Content starts

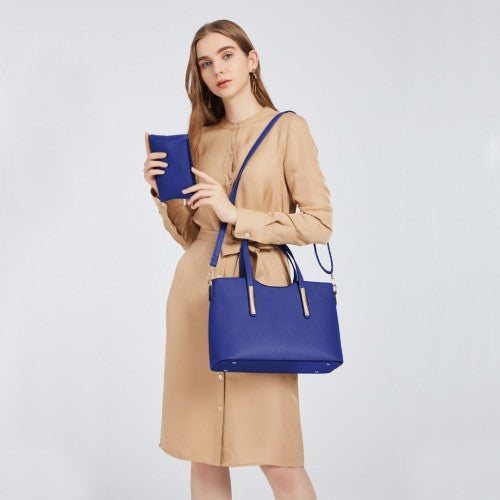 Easy Luggage S1719 - Miss Lulu Pu Leather Handbag & Purse - Navy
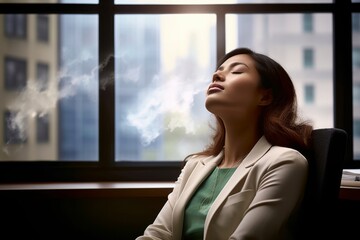 businesswoman sitting in workstation eyes closed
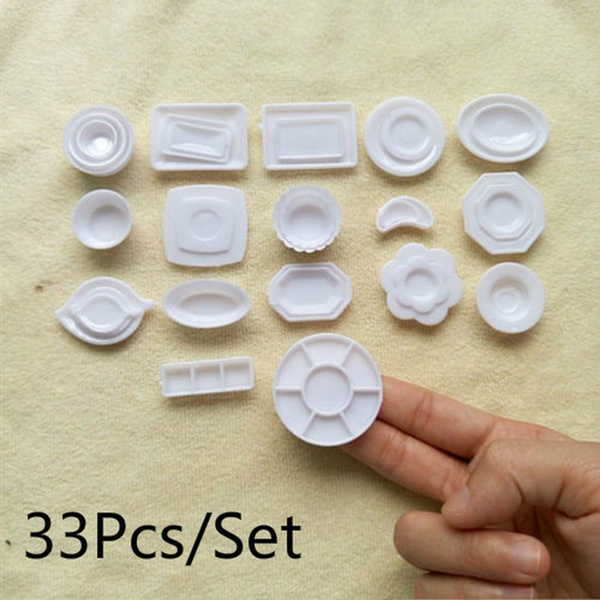 Details about   33Pcs Doll House Miniature Kitchen Food Dishes Plate Model Serving Kids Toys 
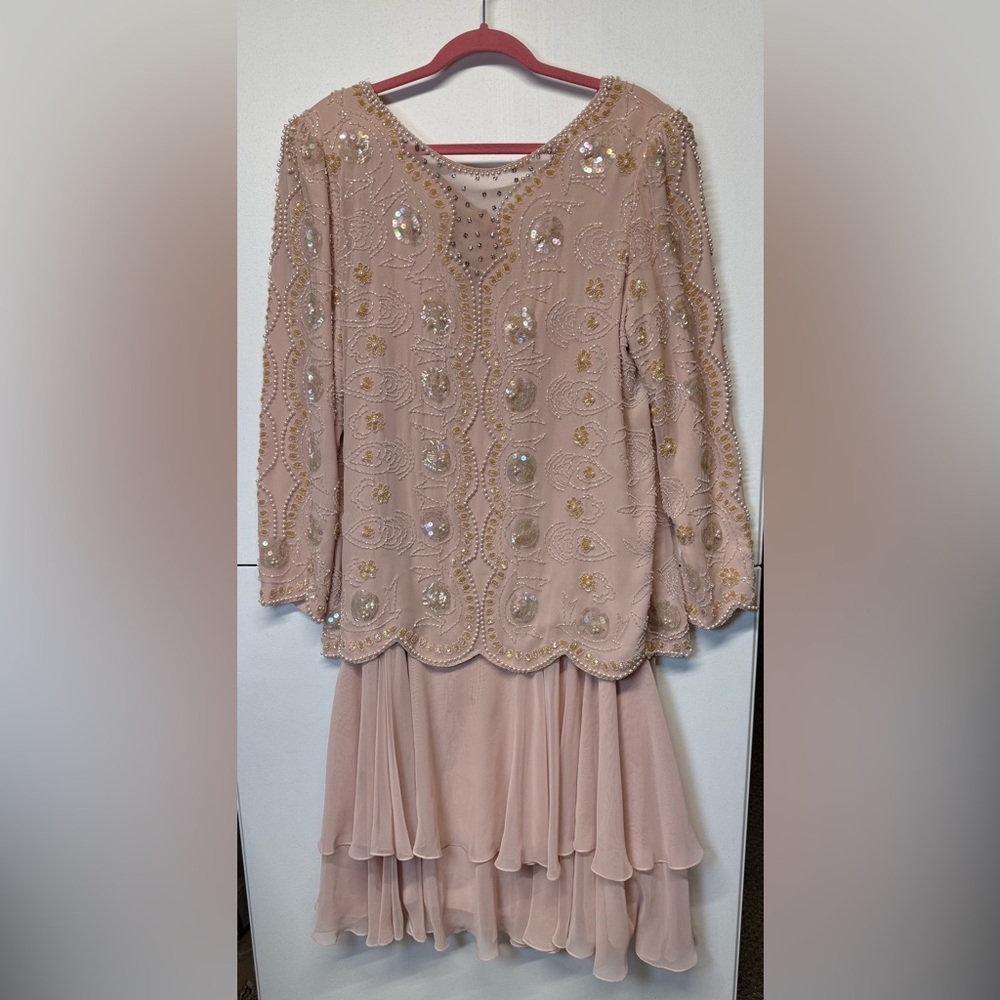 Ethereal Soft Pink Vtg Jack Bryan Elegant Beaded Midi Fairy Core 2 Piece Dress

Content ends

#### [Task statement]
Output the material above verbatim but exclude each picture.

#### [Task answer]
 Easy Luggage S1719 - Miss Lulu Pu Leather Handbag & Purse - Navy
 businesswoman sitting in workstation eyes closed
 Details about   33Pcs Doll House Miniature Kitchen Food Dishes Plate Model Serving Kids Toys 
 Ethereal Soft Pink Vtg Jack Bryan Elegant Beaded Midi Fairy Core 2 Piece Dress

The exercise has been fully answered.